À la suite de l’augmentation du nombre de femmes sur le marché du travail, l’accommodement pour obligations parentales est un sujet qui fait inévitablement couler beaucoup d’encre. En 2013 et en 2014, nos tribunaux ont énoncé des balises qui faciliteront, sans doute, la tâche des partenaires d’affaires en gestion des ressources humaines. Toutefois, tel que nous le verrons, un défi d’application demeure en ce qu’il existe une différence importante entre le droit fédéral et le droit québécois.

20 janvier 2015
Anna Jankowska, CRHA, et Kseniya Veretelnik

À titre introductif, il est utile de rappeler qu’un employé est victime de discrimination seulement si la distinction dénoncée est basée sur l’un des motifs prohibés en vertu de la loi en matière de droits de la personne qui lui est applicable.

Au provincial
Les employés travaillant dans des entreprises privées de juridiction provinciale au Québec sont régis par la Charte des droits et liberté de la personne (la « Charte ») qui protège les droits et libertés de toute personne « sans distinction, exclusion ou préférence fondée sur la race, la couleur, le sexe, la grossesse, l’orientation sexuelle, l’état civil, l’âge sauf dans la mesure prévue par la loi, la religion, les convictions politiques, la langue, l’origine ethnique ou nationale, la condition sociale, le handicap ou l’utilisation d’un moyen pour pallier ce handicap. » Le motif prohibé « d’état civil » est celui qui a, maintes fois, fait l’objet d’interprétation afin de déterminer s’il incluait le fait d’être parent ainsi que toute obligation parentale y afférent.
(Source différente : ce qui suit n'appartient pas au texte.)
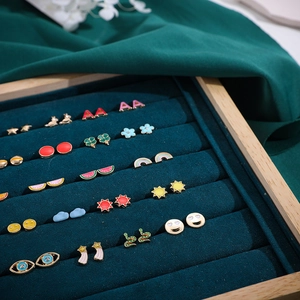 Detailed display of colorful enamel Y2K stud earrings arranged on green velvet in a wooden box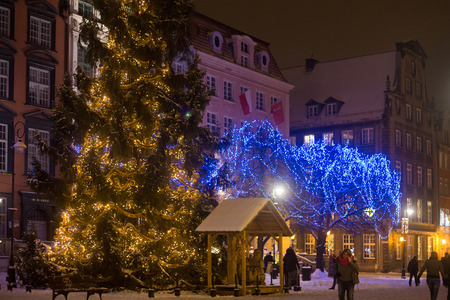 POLAND, GDANSK - DECEMBER 30, 2014: Christmas tree in the festive decorations on Long Market (Dlugi Targ) street. Gdansk is a Polish city on the Baltic coast and popular center of tourism.のeditorial素材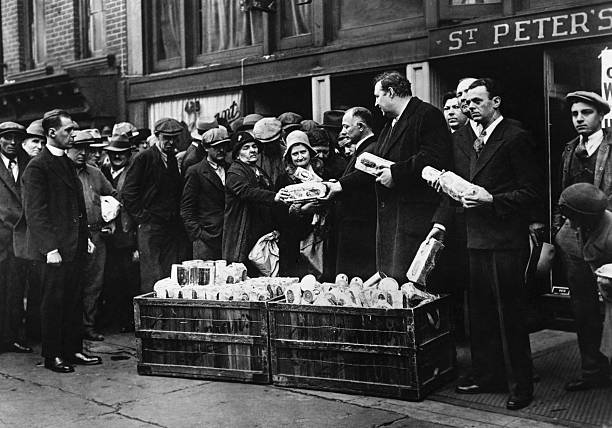 William I. Sirovich and Heywood Brown shown above with the Reverend Raymond Norman are dealing out bread and coffee to hungry and jobless at St.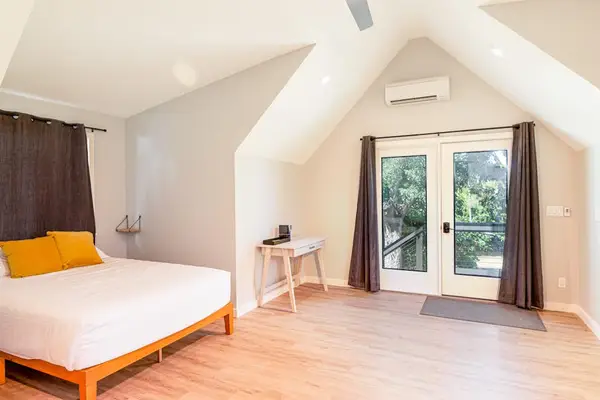 Queen Guest Suite with Private Balcony Access & Vaulted Ceilings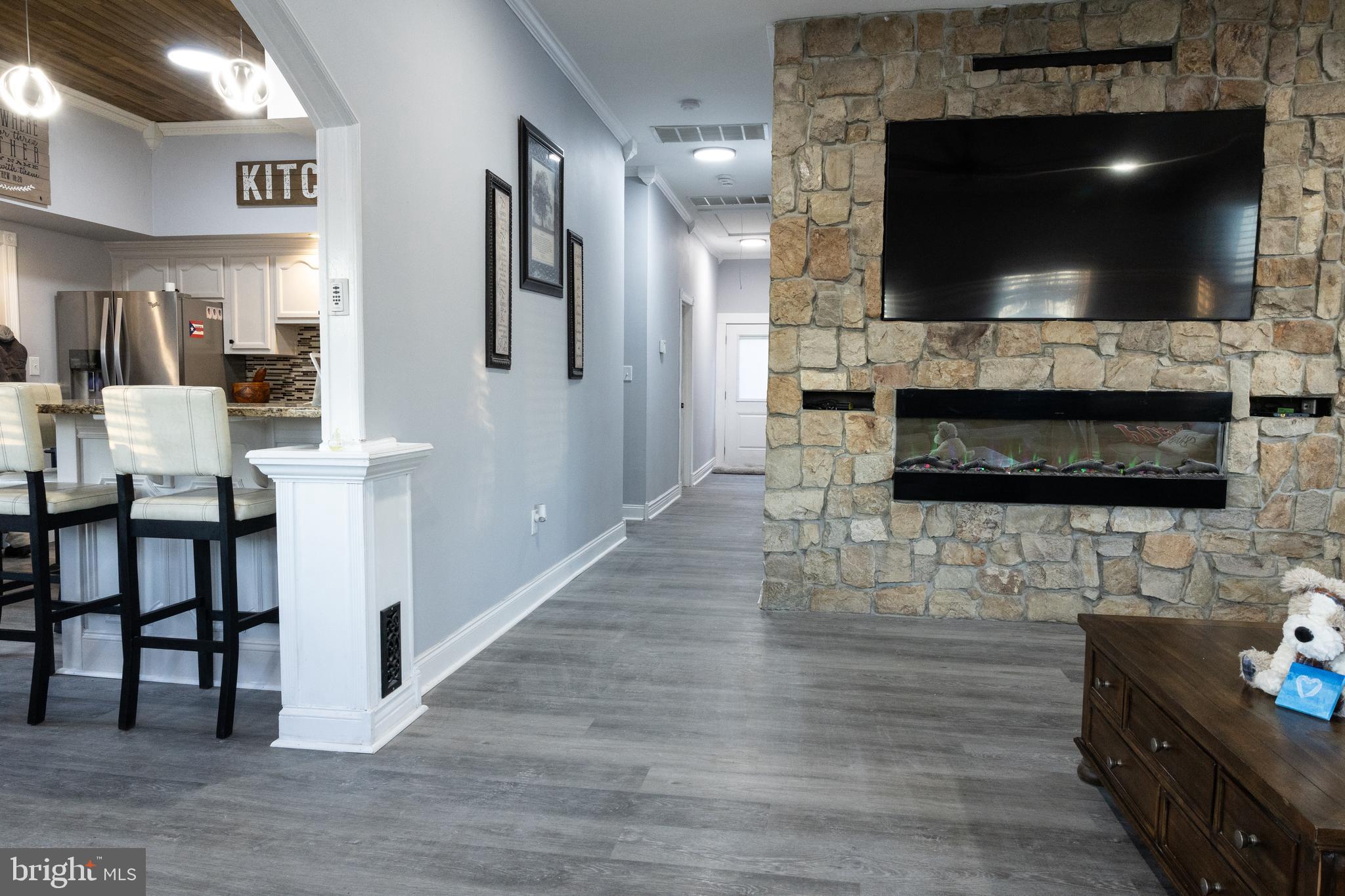 1476 South Orchard Road Vineland, NJ 08360 - Photo 18 of 37 a living room with fireplace and a flat screen tv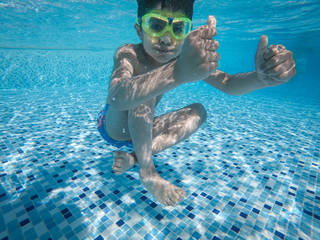 A boy poses for the camera under water in a swimming pool on holiday. 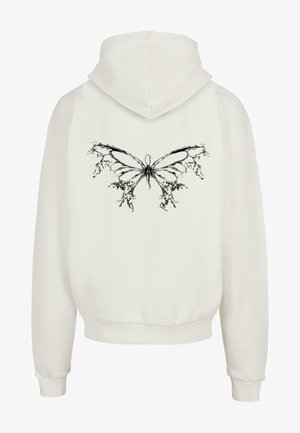 Hvit hettegenser med grafikk av en svart sommerfugl på baksiden, kombinert med mørke denimbukser og svarte sko, med ribbestrikkede mansjetter og nederkant.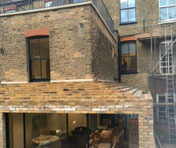 Stepped buff brick slip feature panels installed on roof at rear of property.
En décembre 2013, la Cour d’appel a réaffirmé un principe énoncé dans une décision qu’elle avait rendue en 2010[1] selon laquelle la situation parentale n’entre pas dans le motif prohibé de discrimination basé sur l’état civil. Dans cette affaire, la plaignante, employée syndiquée à la Ville de Montréal, a un fils atteint de fibrose kystique. En raison de ses obligations parentales, elle n’était pas disponible pour travailler le soir et les fins de semaine. L’employeur et le syndicat ont signé une lettre d’entente établissant un mécanisme pour accélérer et faciliter la titularisation des salariés dans diverses postes. Cette lettre d’entente prévoyait une clause d’exclusion empêchant certains salariés nommés, dont la plaignante, de se prévaloir du mécanisme prévu en raison de restrictions ne leur permettant pas d’effectuer certaines fonctions.

La plaignante a, tout de même, tenté d’obtenir une titularisation aux termes de la lettre d’entente et à la suite du refus de l’employeur, a demandé au syndicat de déposer un grief afin d’obtenir un accommodement pour son horaire de travail en raison du handicap de son fils. Devant le refus du syndicat, elle a entrepris un recours pour défaut de représentation[2].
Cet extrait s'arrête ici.